Kirby’s reasons for taking over the title vary from source to source, but his influence on the title is undeniable, as is the impact of what would immediately follow. Yet, despite the massive marks made on DC and its Universe, Kirby’s time on Jimmy Olsen has gone fairly unnoticed in the 51 years since its publication. Which is why, to start this year, I’m revisiting this psychedelic odyssey of a series, how Jack Kirby used it to bring a fresh take to one of DC’s oldest characters, and how it changed the future of the DC Universe.
KIRBY IS HERE!
Making the jump to DC after two years of negotiations, Kirby’s terms were clear: he didn’t just want to create new characters, but entire worlds of them, all built around a mythic odyssey he’d begun forming while working on titles like Thor. These stories would be the throughline for the creator’s time at DC, but the publisher had some caveats of their own. Namely, they needed assurance that the co-creator of the Fantastic Four, X-Men, and Avengers could still make comics that sold well. The details of the arrangement have never been made public, but the prevailing theory is that part of Kirby’s contract called for him to work on at least one existing title for DC. There had been talk of turning the entire Superman line over to the creator, but in the end, out of compassion for his fellow artists, Kirby opted for one of the company’s lowest-selling books, a title without any permanent creative team: Superman’s Pal, Jimmy Olsen.
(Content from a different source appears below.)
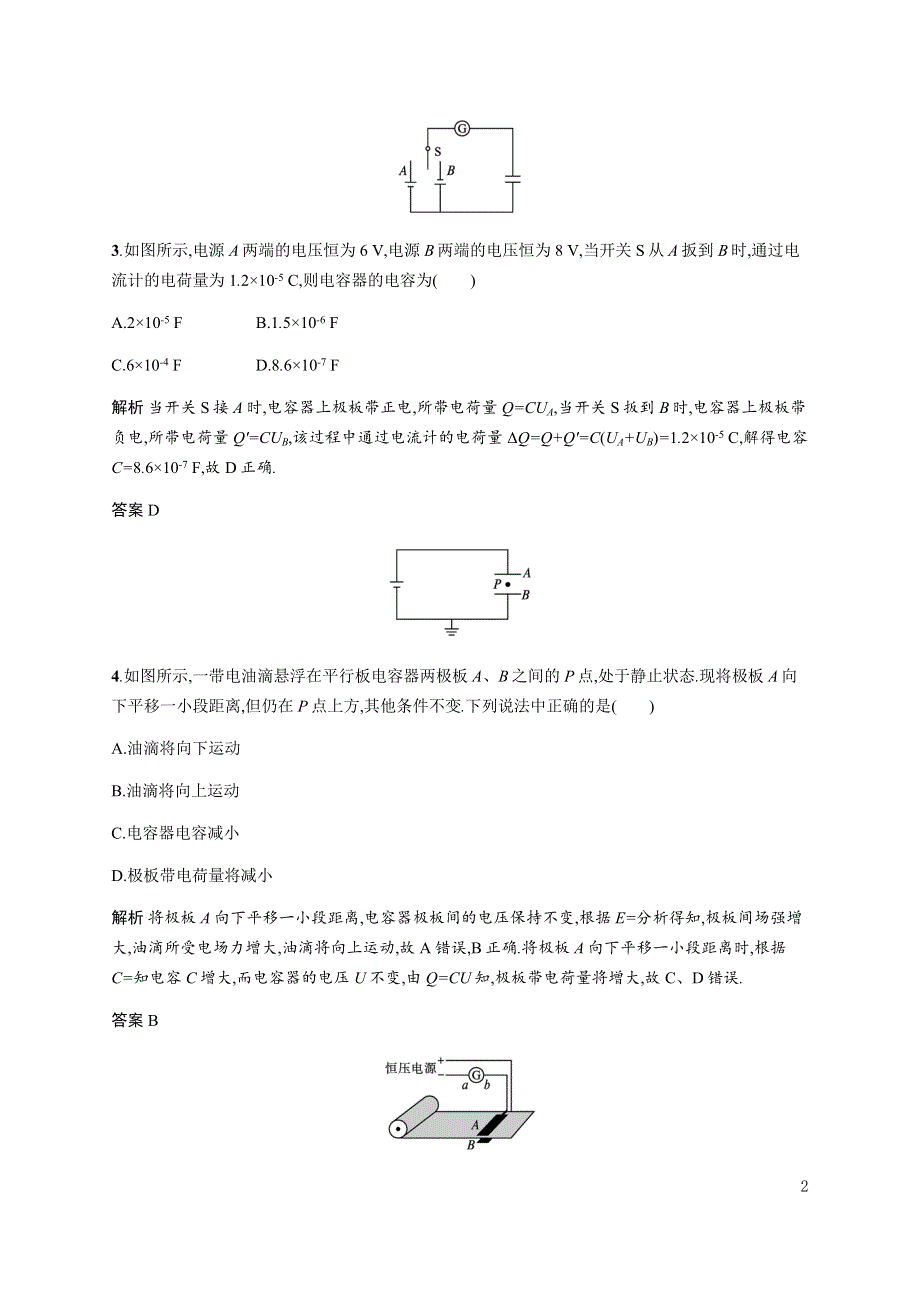 《新教材》2021-2022学年高中物理粤教版必修第三册合格达标练：第二章　第一节　电容器与电容 WORD版含解析.docx_第2页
Jimmy Olsen, both the title, and character, had an interesting history before Kirby. Jimmy’s uncredited appearances can be traced all the way back to the golden age, where he allegedly appears as an unnamed office boy with no concept of personal boundaries. However, the character rose to popularity through the Adventures of Superman radio show, where he became the wide-eyed audience surrogate and sidekick to the Man of Steel. Naturally, this led to more of a presence for the character in comic books, and by 1954 Jimmy had landed in a spin-off of his own.
(By Curt Swan and Stan Kaye)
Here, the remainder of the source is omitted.